## [TASK TO COMPLETE]
Look in the listing below for the line that has "Simpleflex-OnePage-&-MultiPage-Flat-HTML-plantilla", then return it and each following line up to and including the one with "2012 MERCEDES-BENZ C63 AMG W204MY12 4D SEDAN", exactly and without pictures.

## [EXERCISE DATA]
-----

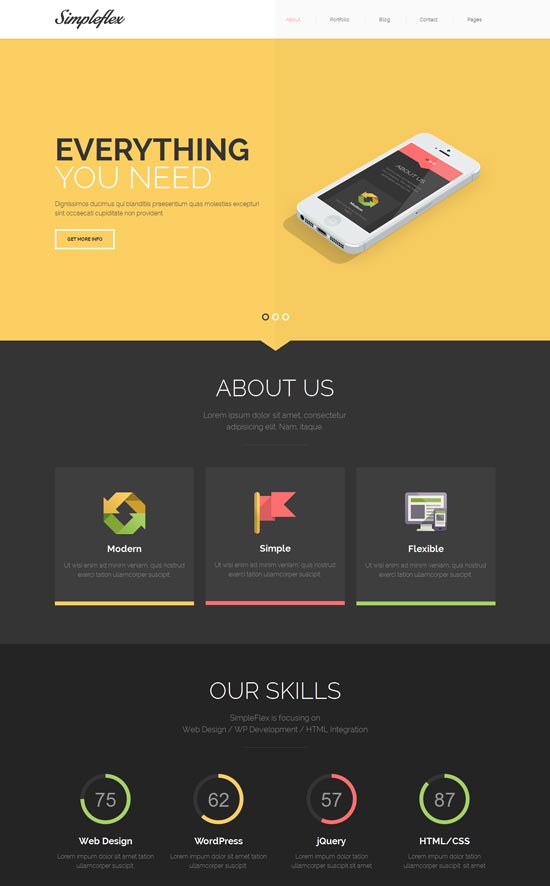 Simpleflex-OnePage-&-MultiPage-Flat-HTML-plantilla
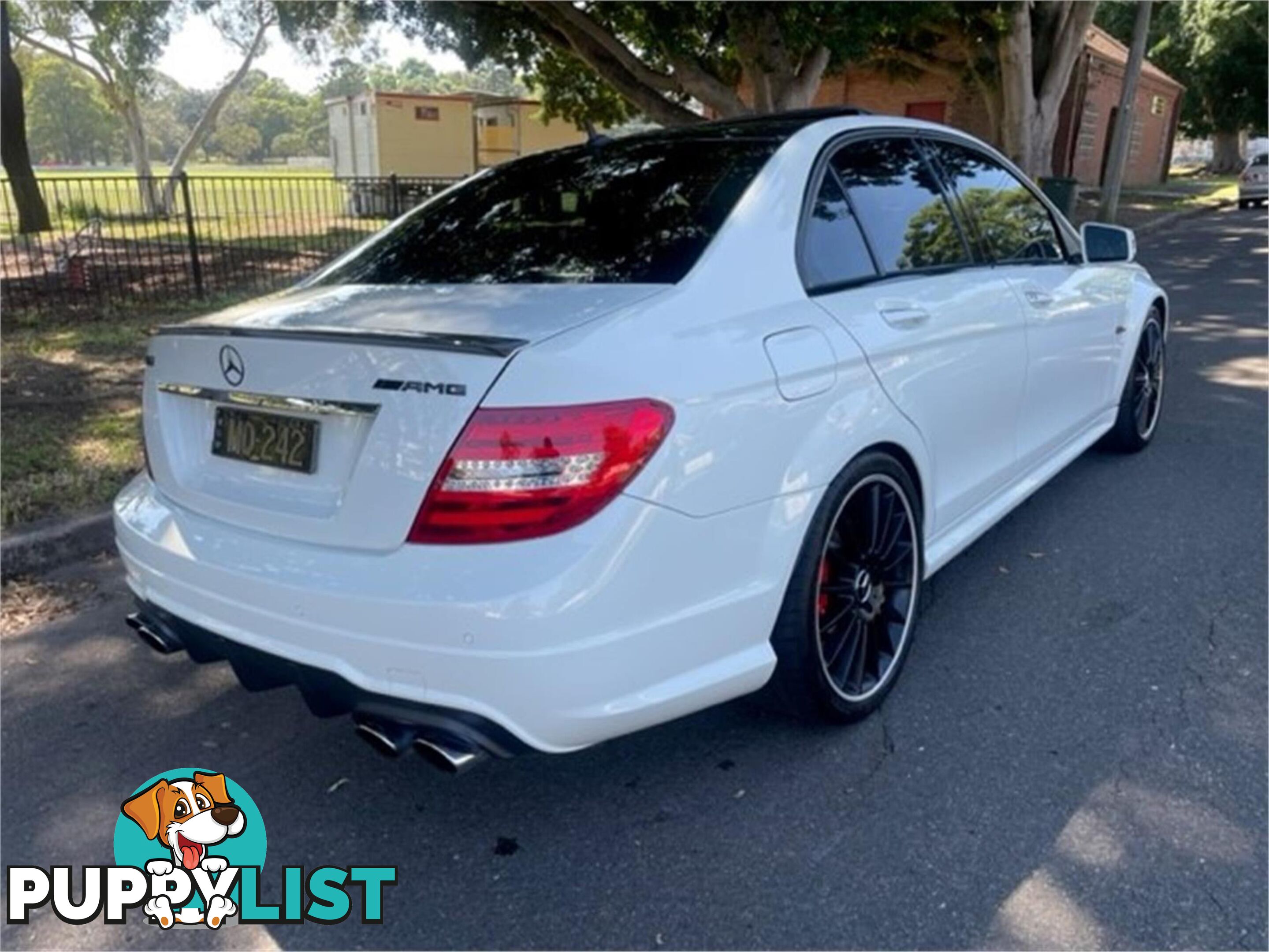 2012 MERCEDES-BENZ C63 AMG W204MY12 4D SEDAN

-----

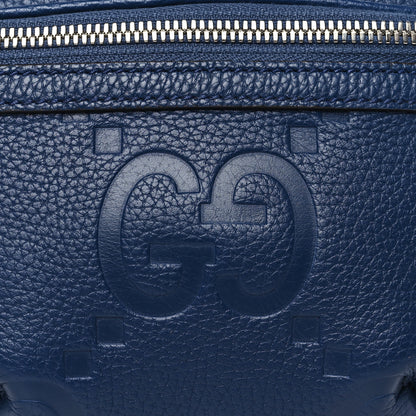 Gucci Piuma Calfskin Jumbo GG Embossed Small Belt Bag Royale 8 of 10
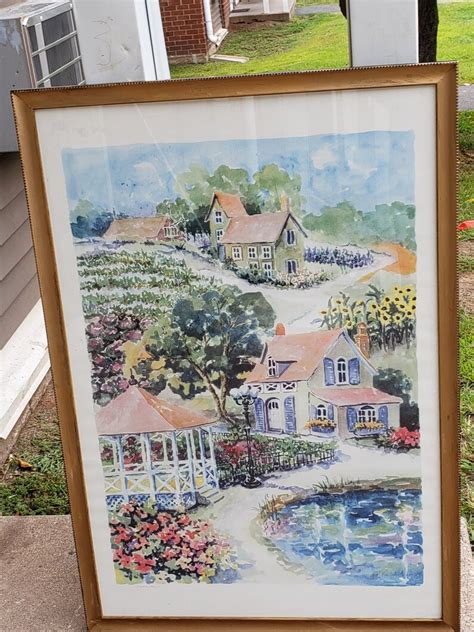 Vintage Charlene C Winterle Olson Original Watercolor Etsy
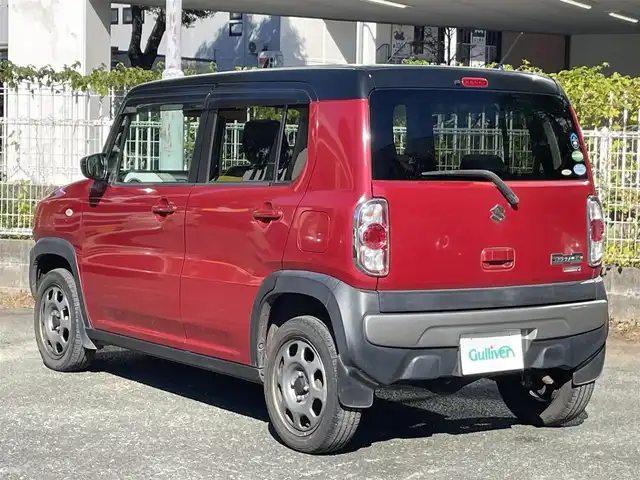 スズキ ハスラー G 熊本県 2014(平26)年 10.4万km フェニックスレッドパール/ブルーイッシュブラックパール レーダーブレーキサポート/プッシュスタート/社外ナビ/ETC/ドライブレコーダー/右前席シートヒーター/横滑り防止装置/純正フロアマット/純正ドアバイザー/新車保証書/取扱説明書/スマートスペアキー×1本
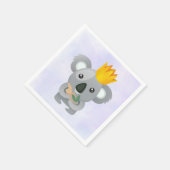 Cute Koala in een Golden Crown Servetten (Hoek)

-----

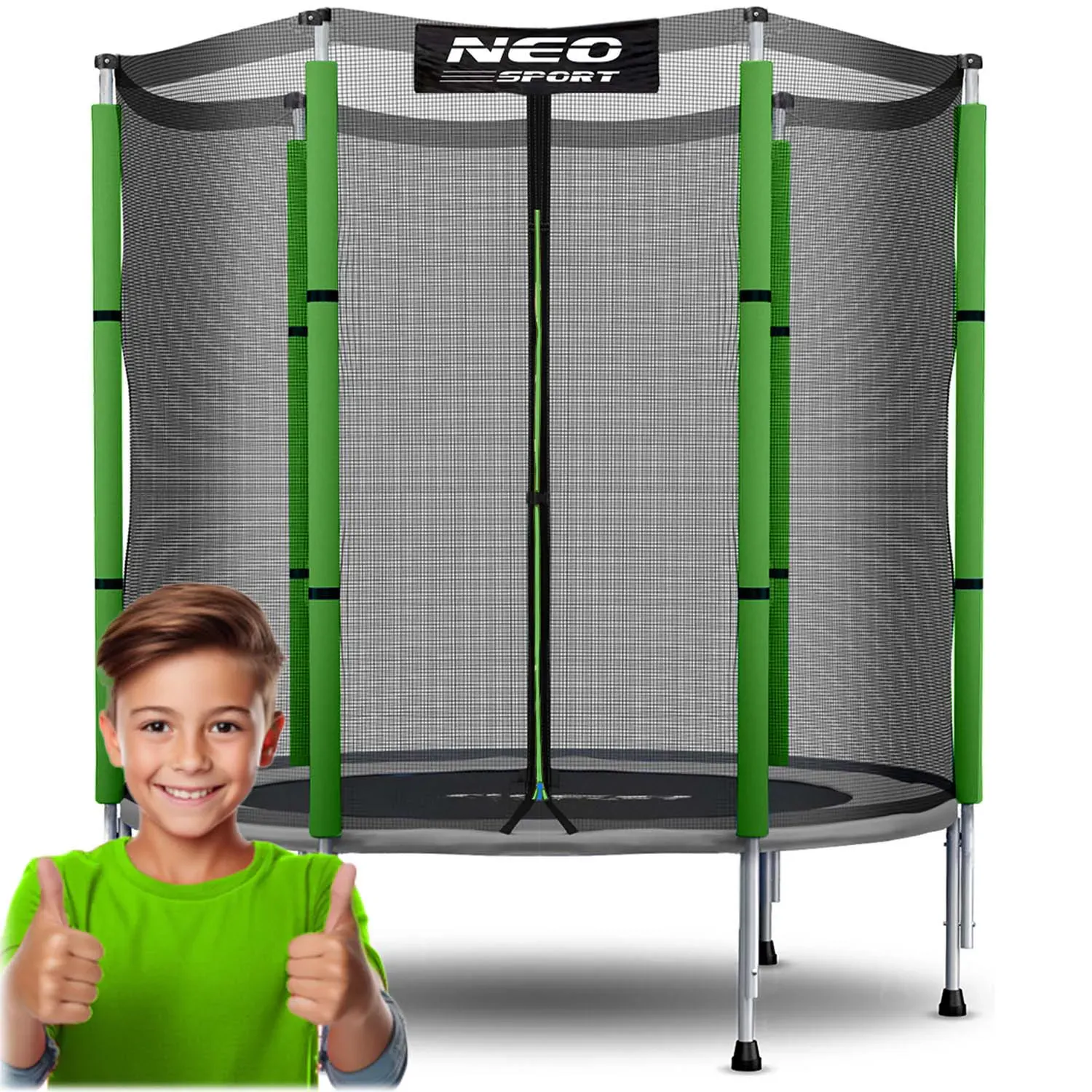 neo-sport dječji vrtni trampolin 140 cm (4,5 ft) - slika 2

-----

## [RESULT OF THIS TASK]
 Simpleflex-OnePage-&-MultiPage-Flat-HTML-plantilla
 2012 MERCEDES-BENZ C63 AMG W204MY12 4D SEDAN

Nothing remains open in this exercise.